Formation Of A Limited Liability Company

Hello welcome to this blog on the formation of a limited liability company:

The steps in the formation of a limited liability company can be explained briefly as follows:

STEP 1: The promoter(s) devices a scheme of capitalization, bearing in mind the cost of formation, assets to be bought and working capital.

STEP 2: The promoters is required to secure the services of a solicitor to prepare certain documents to be filed with the registrar of companies. The documents are:

  • Memorandum of association
  • Article of association
  • Statement of nominal capital

STEP 3: The documents are stamped and lodged with the registrar of companies.

Memorandum of Association

Memorandum of association is a document, forming the Constitution of a company and defining its objectives and powers with regard to its dealing with the outside world. It is the document containing rules and regulations, which govern the external relationship of a company with outsiders. Once registered, the memorandum becomes a public document.

A memorandum of association contains the following information:

  1. The name of the company which must end with the word Limited.
  2. The registered office of the company
  3. The amount of authorized capital and the various shares into which it is divided.
  4. A declaration that The Liability of the members are Limited.
  5. The names of the founders of the company and the number of shares taking up by them.
  6. Status of the company, that is, private or public.
  7. The objects of the company
  8. The restriction, if any, on the power of the company

Articles of Association

Articles of association is a document in which the regulations which govern the internal management of the companies affairs, the duties, right and powers of the members are stated. Its compliments the memorandum of association. Where there is conflict between the two documents, the memorandum will prevail.
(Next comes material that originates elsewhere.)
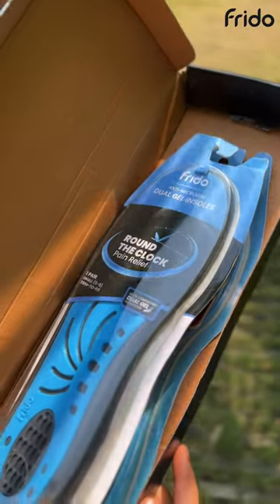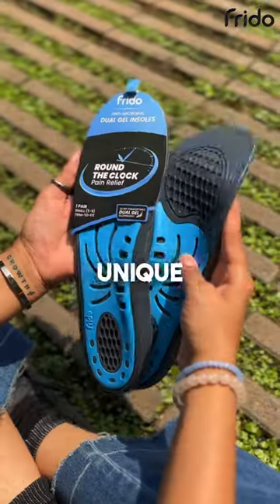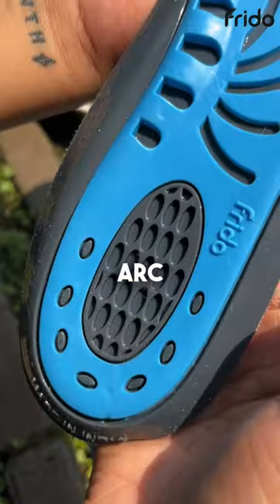Frido's insoles are made up of two different levels of silicone gel, which helps in proper body weight distribution. This unique dual gel technology absorbs shock and consists of triple zone cushioning for the ball of foot, medial arc, and heel.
The content of an article of associations are:

  1. The method of issue of capital
  2. Method of holding meetings
  3. Defined powers and duties of directors
  4. The rights of shareholders
  5. How directors are to be elected
  6. How auditors are to be remunerated.
  7. Method of sharing dividend
  8. Transfer and forfeiture of shares
  9. Method of audit

PROSPECTUS

  • It is an invitation to the public to purchase shares or debentures. It is most often issued by public limited companies.
  • A prospectus gives detailed information about the promoters and directors of a particular company.
  • The document contains reports by the companies auditors, regarding past profits, losses and dividends declared.
  • A prospectus seek to explain the types of shares available for sale to the members of the public.

Content of a prospectus

  1. Particulars of the company’s past history
  2. Information about the present position and future prospects
  3. The amount of the capital offered for subscription
  4. Particulars of directors and Order officials
  5. Promoters remuneration
  6. The date of opening the lists
  7. The nature of capital offered for subscription
  8. Amount payable on application and allotment on each share
  9. The number of founder’ss share

STEP 4: After going through the documents, the registrar of companies then issues a certificate of incorporation to the company. This gives the company the power to commence business.

STEP 5: A private company can commence business after receiving the certificate of corporation, but a public liability company cannot commence until it receives the certificate of trading.

Certificate of Incorporation

Certificate of incorporation which confers legal status on the company to commence business is issued by the registrar of companies, i.e., the company has put on a veil of incorporation. The certificate is given out as an evidence that all the requirements of the act in respect of registration has been complied with by the company and it is therefore dully registered under the act. It contains the name of the company, registration number and signature of the registrar.

Section 37 of the company act contains the effects of incorporation as:

  1. Right of the company to own properties which are separated from members
  2. Right of perpetual existence
  3. Right to Sue and be sued
  4. Right to transfer shares
  5. Limited liability
  6. Right to borrow

Certificate of Trading

Certificate of trading is a document which allows the company to commence business activities. It is issued to public liability company to commence operation after the company had been given the certificate of incorporation. If it is a private company, it is at Liberty to commence business forthwith without the certificate of trading.

Revision Questions

  1. What are the steps of formation of limited liability company?
  2. Explain memorandum of association
  3. Explain articles of association
  4. What is certificate of incorporation and certificate of trading in the formation of a limited liability company?